Working through an agency, a CDP will typically earn between £11 and £14 an hour. Doing a 50-hour week, they can pull £30,000 a year; and there is no shortage of extra hours for those who want to earn more. In contrast, a full-time CDP position normally commands a salary of £20,000 to £25,000.

Some businesses (high street chains that can accurately predict weekly takings, event-led and seasonal restaurants, etc), find the flexibility offered by agencies essential in managing staff costs. Others see agency staff as a stop-gap. Mary Willcock, managing director at the almost 60-strong pub group Brunning & Price, says that ideally it would not use agencies. The company maintains its own in-house team of ‘roving chefs’ to step into short-staffed kitchens.
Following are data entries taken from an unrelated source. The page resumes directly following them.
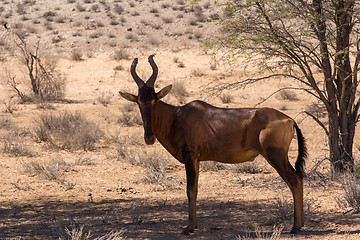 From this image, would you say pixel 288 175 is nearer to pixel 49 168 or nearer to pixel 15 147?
pixel 49 168

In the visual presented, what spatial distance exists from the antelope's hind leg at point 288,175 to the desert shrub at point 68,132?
23.9ft

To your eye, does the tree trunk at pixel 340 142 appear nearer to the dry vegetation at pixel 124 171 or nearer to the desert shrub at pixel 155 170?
the dry vegetation at pixel 124 171

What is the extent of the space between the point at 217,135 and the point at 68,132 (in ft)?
26.5

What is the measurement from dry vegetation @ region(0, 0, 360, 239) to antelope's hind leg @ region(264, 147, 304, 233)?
215mm

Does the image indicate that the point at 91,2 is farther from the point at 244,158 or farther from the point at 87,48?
the point at 244,158

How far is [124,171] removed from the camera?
10875 mm

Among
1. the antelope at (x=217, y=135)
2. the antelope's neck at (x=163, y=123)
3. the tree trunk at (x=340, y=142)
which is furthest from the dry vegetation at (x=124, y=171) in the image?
the antelope's neck at (x=163, y=123)

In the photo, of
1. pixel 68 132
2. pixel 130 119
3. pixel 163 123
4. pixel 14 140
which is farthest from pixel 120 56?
pixel 163 123

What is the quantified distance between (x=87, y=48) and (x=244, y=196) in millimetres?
21269

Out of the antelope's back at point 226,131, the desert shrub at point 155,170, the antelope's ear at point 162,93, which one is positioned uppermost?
the antelope's ear at point 162,93

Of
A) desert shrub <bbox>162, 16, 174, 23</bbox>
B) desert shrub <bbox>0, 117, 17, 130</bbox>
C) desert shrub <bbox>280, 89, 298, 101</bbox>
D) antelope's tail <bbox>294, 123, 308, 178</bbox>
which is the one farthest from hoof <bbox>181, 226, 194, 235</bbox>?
desert shrub <bbox>162, 16, 174, 23</bbox>

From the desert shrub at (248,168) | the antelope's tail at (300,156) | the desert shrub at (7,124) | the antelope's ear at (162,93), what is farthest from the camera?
the desert shrub at (7,124)

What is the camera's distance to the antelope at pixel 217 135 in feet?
20.1

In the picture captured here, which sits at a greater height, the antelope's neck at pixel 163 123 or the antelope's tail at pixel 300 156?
the antelope's neck at pixel 163 123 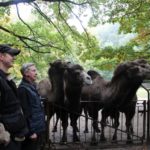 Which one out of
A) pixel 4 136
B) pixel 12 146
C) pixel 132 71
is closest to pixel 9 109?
pixel 4 136

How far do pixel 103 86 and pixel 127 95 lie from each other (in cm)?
115

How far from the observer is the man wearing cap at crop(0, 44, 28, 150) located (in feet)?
17.1

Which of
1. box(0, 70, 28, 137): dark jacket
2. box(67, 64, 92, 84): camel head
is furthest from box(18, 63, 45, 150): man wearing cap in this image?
box(67, 64, 92, 84): camel head

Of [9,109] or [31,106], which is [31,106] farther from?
[9,109]

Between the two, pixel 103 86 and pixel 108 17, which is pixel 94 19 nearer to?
pixel 108 17

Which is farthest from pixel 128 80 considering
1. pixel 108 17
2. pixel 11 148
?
pixel 11 148

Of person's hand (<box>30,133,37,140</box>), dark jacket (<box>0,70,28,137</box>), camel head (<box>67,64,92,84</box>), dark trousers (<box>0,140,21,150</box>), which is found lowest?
person's hand (<box>30,133,37,140</box>)

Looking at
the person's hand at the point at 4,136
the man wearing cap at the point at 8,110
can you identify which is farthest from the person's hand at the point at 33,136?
the person's hand at the point at 4,136

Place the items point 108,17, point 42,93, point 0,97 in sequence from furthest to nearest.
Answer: point 108,17 → point 42,93 → point 0,97

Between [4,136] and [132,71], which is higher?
[132,71]

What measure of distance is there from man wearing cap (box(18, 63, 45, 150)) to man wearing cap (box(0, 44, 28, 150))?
4.11ft

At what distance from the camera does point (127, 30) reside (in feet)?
54.6

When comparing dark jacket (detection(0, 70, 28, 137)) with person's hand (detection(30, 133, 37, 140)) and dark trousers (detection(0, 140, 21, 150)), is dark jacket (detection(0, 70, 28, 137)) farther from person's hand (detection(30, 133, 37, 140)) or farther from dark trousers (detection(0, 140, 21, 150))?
person's hand (detection(30, 133, 37, 140))

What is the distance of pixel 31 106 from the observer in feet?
22.5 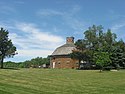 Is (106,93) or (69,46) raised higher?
(69,46)

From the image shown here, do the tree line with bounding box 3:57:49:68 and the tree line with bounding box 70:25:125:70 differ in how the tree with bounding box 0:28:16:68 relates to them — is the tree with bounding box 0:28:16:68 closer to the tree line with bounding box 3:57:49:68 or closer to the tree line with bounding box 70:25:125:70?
the tree line with bounding box 70:25:125:70

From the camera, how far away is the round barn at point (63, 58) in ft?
336

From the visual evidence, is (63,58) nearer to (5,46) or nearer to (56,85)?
(5,46)

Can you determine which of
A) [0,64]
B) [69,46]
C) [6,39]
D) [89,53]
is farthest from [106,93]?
[69,46]

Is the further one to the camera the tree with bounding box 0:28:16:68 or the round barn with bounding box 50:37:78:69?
the round barn with bounding box 50:37:78:69

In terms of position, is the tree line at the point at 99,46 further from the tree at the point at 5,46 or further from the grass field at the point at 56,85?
the grass field at the point at 56,85

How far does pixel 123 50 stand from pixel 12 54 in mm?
28401

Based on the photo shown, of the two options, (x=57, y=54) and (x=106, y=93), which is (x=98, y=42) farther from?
(x=106, y=93)

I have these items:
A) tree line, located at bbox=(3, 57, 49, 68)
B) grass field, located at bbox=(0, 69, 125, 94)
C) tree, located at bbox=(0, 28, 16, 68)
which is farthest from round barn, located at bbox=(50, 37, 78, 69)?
grass field, located at bbox=(0, 69, 125, 94)

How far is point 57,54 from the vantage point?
10556 centimetres

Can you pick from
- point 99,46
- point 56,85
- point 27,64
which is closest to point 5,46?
point 99,46

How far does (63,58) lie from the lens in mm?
103875

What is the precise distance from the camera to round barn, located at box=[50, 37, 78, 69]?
102562 millimetres

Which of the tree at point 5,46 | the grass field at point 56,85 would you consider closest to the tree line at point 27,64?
the tree at point 5,46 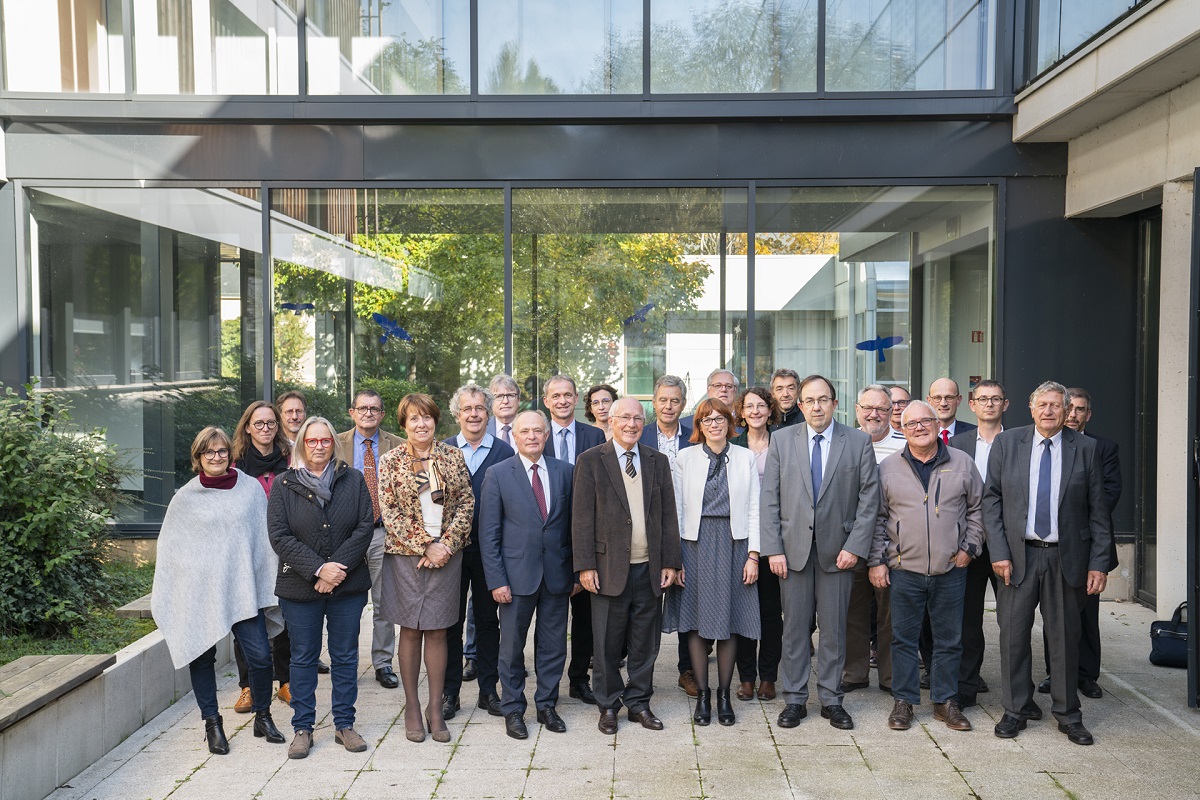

Even so, Brunning & Price does use agency staff: “It ebbs and flows,” says Willcock. “It can be a very small proportion and, at other times, we might need a number of agencies to support our pubs. We’re an expanding business and having access to a good network of agency chefs provides a sensible safety net in a tricky market.”

Elsewhere, however, some observers warn that the industry’s over-reliance on expensive agency staff will have dire consequences. Stories abound of venues employing, for example, a sous and head chef but then staffing kitchens largely, if not entirely, with agency staff (whose wages typically include a 20% agency commission; a £12.50-an-hour CDP will cost an employer £15).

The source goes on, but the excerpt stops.